--- START ---
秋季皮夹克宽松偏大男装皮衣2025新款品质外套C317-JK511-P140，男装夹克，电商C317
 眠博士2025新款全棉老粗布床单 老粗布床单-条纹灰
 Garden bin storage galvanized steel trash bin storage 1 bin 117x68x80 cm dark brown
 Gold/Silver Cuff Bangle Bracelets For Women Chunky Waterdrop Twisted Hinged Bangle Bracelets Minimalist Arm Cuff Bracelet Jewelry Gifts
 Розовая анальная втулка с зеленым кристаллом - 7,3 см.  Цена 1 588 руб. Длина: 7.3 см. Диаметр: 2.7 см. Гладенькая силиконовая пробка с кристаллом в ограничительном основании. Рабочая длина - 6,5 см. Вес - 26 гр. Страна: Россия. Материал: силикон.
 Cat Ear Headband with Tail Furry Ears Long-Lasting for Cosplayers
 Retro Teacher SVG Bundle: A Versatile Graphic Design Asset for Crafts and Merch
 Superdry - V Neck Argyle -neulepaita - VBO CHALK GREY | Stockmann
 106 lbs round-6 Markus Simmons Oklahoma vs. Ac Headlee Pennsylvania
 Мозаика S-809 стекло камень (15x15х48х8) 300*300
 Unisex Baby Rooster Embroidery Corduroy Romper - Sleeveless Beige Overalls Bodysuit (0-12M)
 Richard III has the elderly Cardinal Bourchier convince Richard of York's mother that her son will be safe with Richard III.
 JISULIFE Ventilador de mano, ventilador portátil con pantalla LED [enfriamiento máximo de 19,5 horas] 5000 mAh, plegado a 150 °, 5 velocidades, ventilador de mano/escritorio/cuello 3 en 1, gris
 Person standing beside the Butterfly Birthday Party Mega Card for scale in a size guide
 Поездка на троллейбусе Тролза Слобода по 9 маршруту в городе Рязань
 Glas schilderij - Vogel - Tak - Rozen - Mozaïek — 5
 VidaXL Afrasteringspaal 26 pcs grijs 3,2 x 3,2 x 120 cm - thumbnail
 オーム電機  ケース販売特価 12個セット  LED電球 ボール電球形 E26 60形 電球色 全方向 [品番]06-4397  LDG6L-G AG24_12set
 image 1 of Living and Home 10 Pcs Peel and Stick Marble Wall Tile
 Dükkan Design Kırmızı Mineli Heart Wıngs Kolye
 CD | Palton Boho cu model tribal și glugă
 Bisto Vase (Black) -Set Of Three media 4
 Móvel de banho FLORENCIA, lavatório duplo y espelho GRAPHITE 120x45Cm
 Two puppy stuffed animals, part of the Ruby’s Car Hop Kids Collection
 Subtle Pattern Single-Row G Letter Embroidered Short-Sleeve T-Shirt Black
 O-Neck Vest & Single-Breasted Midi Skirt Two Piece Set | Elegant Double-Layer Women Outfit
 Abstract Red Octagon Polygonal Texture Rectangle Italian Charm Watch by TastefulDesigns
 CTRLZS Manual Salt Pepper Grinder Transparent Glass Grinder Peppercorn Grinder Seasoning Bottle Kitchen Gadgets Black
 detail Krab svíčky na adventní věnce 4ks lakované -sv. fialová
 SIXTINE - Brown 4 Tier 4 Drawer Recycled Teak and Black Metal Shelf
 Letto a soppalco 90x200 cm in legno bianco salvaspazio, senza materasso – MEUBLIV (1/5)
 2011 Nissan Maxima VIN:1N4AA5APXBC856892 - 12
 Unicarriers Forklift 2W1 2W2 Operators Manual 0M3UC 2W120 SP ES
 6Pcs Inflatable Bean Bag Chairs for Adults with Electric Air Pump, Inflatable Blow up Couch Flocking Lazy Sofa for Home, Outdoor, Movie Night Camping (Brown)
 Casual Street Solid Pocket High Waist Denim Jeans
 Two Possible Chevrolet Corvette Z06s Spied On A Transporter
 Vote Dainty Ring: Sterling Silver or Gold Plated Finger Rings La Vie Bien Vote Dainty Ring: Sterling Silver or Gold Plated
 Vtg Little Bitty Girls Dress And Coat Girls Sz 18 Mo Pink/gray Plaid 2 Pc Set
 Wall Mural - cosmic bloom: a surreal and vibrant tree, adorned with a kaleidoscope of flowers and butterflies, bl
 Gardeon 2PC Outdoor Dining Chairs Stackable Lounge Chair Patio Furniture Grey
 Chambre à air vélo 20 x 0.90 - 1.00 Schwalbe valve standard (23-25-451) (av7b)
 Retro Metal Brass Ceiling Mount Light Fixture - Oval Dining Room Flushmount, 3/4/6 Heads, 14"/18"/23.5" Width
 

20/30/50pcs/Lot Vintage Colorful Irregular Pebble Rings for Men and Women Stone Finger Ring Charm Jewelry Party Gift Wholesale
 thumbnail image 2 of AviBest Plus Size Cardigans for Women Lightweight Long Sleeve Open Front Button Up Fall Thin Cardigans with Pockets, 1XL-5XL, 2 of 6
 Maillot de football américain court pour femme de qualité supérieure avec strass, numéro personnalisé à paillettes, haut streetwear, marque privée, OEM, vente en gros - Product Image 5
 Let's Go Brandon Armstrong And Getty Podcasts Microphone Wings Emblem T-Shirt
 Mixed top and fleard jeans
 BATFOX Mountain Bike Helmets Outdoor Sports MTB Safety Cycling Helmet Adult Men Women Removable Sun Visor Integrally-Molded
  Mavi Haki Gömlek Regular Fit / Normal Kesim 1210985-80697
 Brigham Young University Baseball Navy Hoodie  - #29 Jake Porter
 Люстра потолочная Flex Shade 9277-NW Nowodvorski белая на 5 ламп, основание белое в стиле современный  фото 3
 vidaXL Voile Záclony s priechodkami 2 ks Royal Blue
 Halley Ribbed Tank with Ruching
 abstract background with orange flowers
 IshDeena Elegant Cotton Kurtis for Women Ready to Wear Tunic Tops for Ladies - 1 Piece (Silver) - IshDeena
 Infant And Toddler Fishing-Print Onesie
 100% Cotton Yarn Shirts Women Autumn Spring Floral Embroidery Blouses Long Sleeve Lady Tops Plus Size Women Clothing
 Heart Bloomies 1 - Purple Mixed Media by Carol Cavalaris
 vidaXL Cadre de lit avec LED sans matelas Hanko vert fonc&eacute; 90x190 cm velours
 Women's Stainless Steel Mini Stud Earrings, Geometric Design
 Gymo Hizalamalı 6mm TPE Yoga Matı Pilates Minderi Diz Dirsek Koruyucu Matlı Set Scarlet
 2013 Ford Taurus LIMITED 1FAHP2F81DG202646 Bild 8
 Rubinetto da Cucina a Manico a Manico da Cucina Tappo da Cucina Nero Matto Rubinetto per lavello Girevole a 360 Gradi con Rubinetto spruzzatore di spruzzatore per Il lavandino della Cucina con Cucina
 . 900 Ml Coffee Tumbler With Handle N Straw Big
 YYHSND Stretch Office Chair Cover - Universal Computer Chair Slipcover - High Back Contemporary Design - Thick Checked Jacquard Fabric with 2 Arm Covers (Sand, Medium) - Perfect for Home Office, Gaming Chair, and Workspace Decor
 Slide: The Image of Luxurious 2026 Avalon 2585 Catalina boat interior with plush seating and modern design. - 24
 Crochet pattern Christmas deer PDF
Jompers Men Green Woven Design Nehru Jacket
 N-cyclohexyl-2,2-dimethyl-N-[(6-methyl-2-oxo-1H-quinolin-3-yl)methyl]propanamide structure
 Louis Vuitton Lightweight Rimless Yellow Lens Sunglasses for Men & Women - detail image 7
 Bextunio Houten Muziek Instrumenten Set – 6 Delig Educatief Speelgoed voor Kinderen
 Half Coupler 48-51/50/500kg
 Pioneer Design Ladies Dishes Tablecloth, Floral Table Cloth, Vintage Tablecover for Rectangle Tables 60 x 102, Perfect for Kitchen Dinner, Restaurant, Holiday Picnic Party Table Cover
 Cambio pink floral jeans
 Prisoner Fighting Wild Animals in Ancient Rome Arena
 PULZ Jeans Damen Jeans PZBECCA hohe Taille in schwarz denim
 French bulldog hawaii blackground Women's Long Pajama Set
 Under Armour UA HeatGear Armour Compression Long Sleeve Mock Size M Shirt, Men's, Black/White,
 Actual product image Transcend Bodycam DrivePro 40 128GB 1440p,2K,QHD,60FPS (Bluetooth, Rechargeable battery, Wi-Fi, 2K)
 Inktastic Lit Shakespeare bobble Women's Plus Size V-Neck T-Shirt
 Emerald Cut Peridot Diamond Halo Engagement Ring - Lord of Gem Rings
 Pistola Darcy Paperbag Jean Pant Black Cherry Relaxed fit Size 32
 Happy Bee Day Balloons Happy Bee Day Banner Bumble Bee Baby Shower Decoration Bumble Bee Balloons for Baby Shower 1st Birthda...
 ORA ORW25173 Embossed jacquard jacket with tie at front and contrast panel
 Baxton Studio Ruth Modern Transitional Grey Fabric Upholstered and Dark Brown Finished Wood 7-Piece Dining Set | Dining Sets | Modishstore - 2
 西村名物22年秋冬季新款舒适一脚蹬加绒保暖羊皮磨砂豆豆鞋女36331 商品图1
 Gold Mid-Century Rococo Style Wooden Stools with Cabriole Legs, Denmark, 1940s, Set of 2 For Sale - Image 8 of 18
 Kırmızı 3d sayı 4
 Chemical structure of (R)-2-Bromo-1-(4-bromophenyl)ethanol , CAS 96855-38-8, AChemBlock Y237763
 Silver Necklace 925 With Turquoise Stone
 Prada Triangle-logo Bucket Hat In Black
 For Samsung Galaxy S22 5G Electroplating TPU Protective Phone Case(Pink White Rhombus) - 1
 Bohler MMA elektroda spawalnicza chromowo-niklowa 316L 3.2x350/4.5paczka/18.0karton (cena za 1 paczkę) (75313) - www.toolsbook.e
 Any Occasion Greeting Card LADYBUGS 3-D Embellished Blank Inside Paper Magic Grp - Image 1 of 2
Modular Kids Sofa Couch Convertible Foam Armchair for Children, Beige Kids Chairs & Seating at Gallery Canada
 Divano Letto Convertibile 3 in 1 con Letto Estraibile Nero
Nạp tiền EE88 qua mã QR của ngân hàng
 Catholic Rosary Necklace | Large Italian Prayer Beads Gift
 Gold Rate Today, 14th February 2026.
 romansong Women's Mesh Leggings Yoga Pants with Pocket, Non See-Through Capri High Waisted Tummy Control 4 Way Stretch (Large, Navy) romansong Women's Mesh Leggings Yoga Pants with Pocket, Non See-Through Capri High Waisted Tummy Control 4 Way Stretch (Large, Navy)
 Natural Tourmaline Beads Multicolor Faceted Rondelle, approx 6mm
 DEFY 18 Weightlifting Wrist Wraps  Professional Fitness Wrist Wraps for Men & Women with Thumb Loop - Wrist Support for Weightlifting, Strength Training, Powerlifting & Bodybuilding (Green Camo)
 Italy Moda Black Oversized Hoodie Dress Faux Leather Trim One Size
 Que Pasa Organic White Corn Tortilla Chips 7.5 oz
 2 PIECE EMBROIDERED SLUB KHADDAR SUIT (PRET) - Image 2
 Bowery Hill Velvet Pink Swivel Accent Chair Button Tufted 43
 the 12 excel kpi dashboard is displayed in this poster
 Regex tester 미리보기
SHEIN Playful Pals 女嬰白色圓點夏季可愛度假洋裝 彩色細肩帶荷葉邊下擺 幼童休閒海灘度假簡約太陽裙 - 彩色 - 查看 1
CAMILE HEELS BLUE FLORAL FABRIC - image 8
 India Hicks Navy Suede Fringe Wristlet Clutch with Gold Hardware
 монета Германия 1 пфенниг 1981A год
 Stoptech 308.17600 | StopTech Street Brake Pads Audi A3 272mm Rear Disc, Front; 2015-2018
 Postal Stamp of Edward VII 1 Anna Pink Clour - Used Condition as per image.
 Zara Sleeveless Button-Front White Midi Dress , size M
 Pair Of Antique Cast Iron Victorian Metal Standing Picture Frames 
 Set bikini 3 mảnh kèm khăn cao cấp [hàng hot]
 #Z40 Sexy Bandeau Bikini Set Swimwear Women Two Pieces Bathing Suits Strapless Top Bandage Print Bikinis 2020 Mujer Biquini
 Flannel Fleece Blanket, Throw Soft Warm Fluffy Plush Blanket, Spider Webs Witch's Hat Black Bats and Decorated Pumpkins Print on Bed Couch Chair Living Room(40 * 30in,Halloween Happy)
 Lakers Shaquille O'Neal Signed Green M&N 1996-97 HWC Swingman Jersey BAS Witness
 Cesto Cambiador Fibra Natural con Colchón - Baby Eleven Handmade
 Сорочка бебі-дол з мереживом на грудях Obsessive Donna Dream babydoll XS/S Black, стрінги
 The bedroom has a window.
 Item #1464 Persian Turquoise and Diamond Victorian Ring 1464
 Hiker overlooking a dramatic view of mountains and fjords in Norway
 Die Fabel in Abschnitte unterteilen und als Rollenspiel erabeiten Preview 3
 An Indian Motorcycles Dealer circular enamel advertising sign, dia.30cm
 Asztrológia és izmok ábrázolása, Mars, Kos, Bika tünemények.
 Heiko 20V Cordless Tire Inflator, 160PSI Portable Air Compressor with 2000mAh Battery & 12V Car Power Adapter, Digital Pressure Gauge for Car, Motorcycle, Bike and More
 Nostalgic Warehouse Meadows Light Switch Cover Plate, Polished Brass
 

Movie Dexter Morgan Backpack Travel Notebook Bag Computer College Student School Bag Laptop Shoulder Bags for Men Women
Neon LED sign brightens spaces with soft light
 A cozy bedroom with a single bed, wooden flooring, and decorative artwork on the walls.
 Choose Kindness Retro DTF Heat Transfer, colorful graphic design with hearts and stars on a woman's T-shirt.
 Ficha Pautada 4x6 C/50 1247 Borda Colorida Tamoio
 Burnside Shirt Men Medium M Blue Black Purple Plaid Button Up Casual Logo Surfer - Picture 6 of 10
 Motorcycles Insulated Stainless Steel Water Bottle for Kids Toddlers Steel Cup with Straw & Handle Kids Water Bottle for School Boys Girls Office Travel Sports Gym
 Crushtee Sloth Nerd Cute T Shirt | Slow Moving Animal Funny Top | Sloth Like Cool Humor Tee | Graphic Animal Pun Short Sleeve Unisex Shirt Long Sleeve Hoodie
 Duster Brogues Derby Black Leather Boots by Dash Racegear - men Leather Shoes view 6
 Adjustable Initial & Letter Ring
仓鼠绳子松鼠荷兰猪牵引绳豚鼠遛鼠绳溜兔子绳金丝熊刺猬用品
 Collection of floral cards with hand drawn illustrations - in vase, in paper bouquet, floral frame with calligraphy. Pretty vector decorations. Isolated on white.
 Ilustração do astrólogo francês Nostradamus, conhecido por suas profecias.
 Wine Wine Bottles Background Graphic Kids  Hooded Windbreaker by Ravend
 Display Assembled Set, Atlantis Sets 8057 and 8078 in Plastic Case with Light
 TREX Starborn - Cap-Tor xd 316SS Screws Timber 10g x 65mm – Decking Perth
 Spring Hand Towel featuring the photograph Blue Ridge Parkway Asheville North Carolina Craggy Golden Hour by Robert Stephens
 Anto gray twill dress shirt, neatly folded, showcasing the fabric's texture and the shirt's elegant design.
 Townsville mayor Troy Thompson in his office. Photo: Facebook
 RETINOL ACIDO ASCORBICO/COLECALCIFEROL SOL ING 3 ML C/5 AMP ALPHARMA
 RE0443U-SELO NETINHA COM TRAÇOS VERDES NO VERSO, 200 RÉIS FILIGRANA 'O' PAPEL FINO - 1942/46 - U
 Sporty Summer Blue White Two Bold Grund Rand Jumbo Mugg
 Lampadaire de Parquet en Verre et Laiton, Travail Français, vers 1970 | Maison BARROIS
--- END ---
→ **Work required**: From the first line of the listing above through the line that contains "VidaXL Afrasteringspaal 26", set down each line without alteration, and nothing else.

→ **Worked solution**:
秋季皮夹克宽松偏大男装皮衣2025新款品质外套C317-JK511-P140，男装夹克，电商C317
 眠博士2025新款全棉老粗布床单 老粗布床单-条纹灰
 Garden bin storage galvanized steel trash bin storage 1 bin 117x68x80 cm dark brown
 Gold/Silver Cuff Bangle Bracelets For Women Chunky Waterdrop Twisted Hinged Bangle Bracelets Minimalist Arm Cuff Bracelet Jewelry Gifts
 Розовая анальная втулка с зеленым кристаллом - 7,3 см.  Цена 1 588 руб. Длина: 7.3 см. Диаметр: 2.7 см. Гладенькая силиконовая пробка с кристаллом в ограничительном основании. Рабочая длина - 6,5 см. Вес - 26 гр. Страна: Россия. Материал: силикон.
 Cat Ear Headband with Tail Furry Ears Long-Lasting for Cosplayers
 Retro Teacher SVG Bundle: A Versatile Graphic Design Asset for Crafts and Merch
 Superdry - V Neck Argyle -neulepaita - VBO CHALK GREY | Stockmann
 106 lbs round-6 Markus Simmons Oklahoma vs. Ac Headlee Pennsylvania
 Мозаика S-809 стекло камень (15x15х48х8) 300*300
 Unisex Baby Rooster Embroidery Corduroy Romper - Sleeveless Beige Overalls Bodysuit (0-12M)
 Richard III has the elderly Cardinal Bourchier convince Richard of York's mother that her son will be safe with Richard III.
 JISULIFE Ventilador de mano, ventilador portátil con pantalla LED [enfriamiento máximo de 19,5 horas] 5000 mAh, plegado a 150 °, 5 velocidades, ventilador de mano/escritorio/cuello 3 en 1, gris
 Person standing beside the Butterfly Birthday Party Mega Card for scale in a size guide
 Поездка на троллейбусе Тролза Слобода по 9 маршруту в городе Рязань
 Glas schilderij - Vogel - Tak - Rozen - Mozaïek — 5
 VidaXL Afrasteringspaal 26 pcs grijs 3,2 x 3,2 x 120 cm - thumbnail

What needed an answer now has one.